TASK – Omitting all images, set down every line below exactly as it appears.

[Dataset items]
★ ★ ★ ★
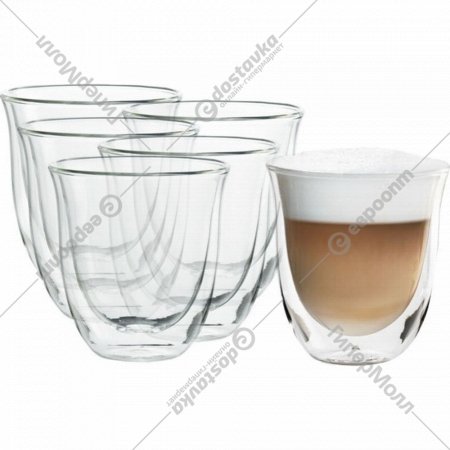 Набор стаканов «DeLonghi» DLSC301, 190 мл, 6 шт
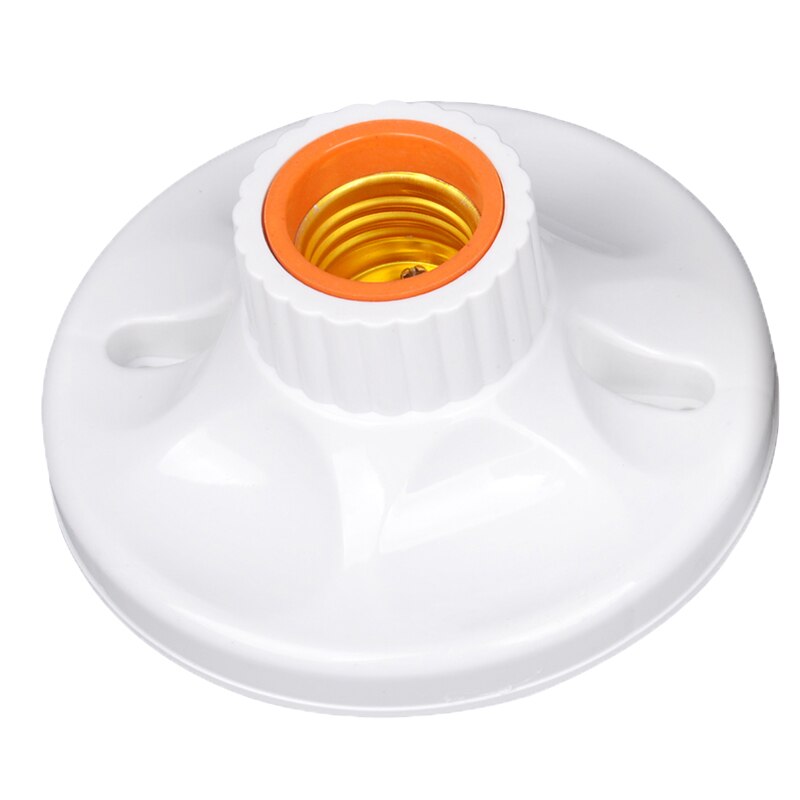 Surface mounted E27 screw mouth flat lamp holder, bakelite pure copper lamp holder, corridor, bedroom, high temperature resistan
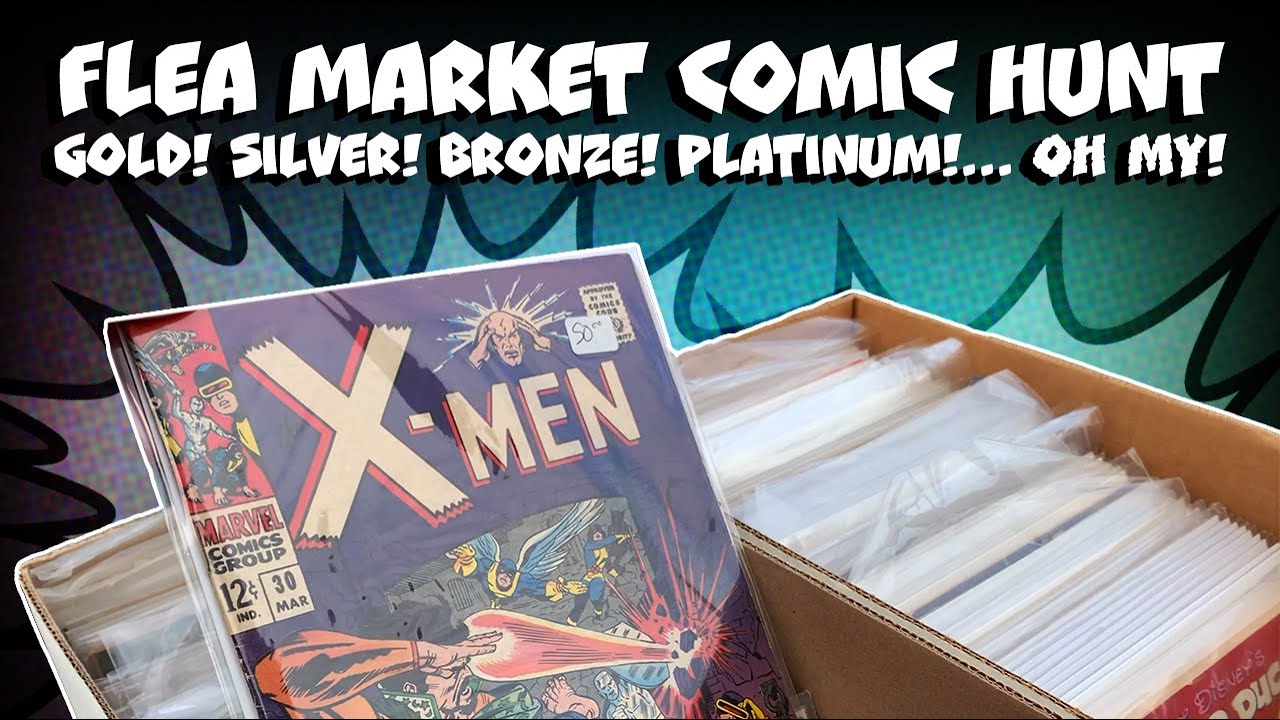 HUGE Flea Market Comic Haul From California! Rare Key & Silver Age Goodies!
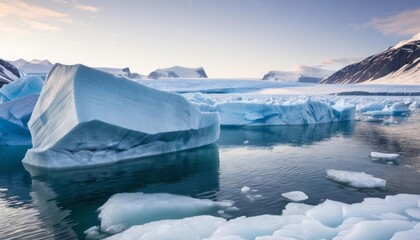 icy serene beauty of the arctic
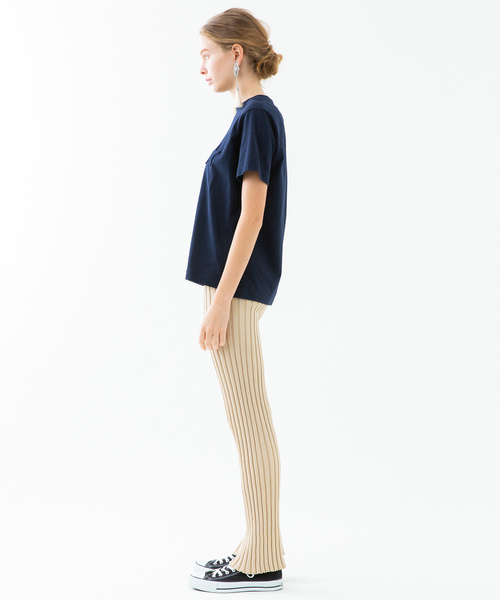 MUVEIL（ミュベール）の「【MUVEIL×CONVERSE】スターパッチ Tシャツ A2896UTS917（Tシャツ/カットソー・レディース・ホワイト/ネイビー・FREE）」の9枚目の写真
★ ★ ★ ★
ANSWER SPACE –
 Набор стаканов «DeLonghi» DLSC301, 190 мл, 6 шт
 Surface mounted E27 screw mouth flat lamp holder, bakelite pure copper lamp holder, corridor, bedroom, high temperature resistan
 HUGE Flea Market Comic Haul From California! Rare Key & Silver Age Goodies!
 icy serene beauty of the arctic
 MUVEIL（ミュベール）の「【MUVEIL×CONVERSE】スターパッチ Tシャツ A2896UTS917（Tシャツ/カットソー・レディース・ホワイト/ネイビー・FREE）」の9枚目の写真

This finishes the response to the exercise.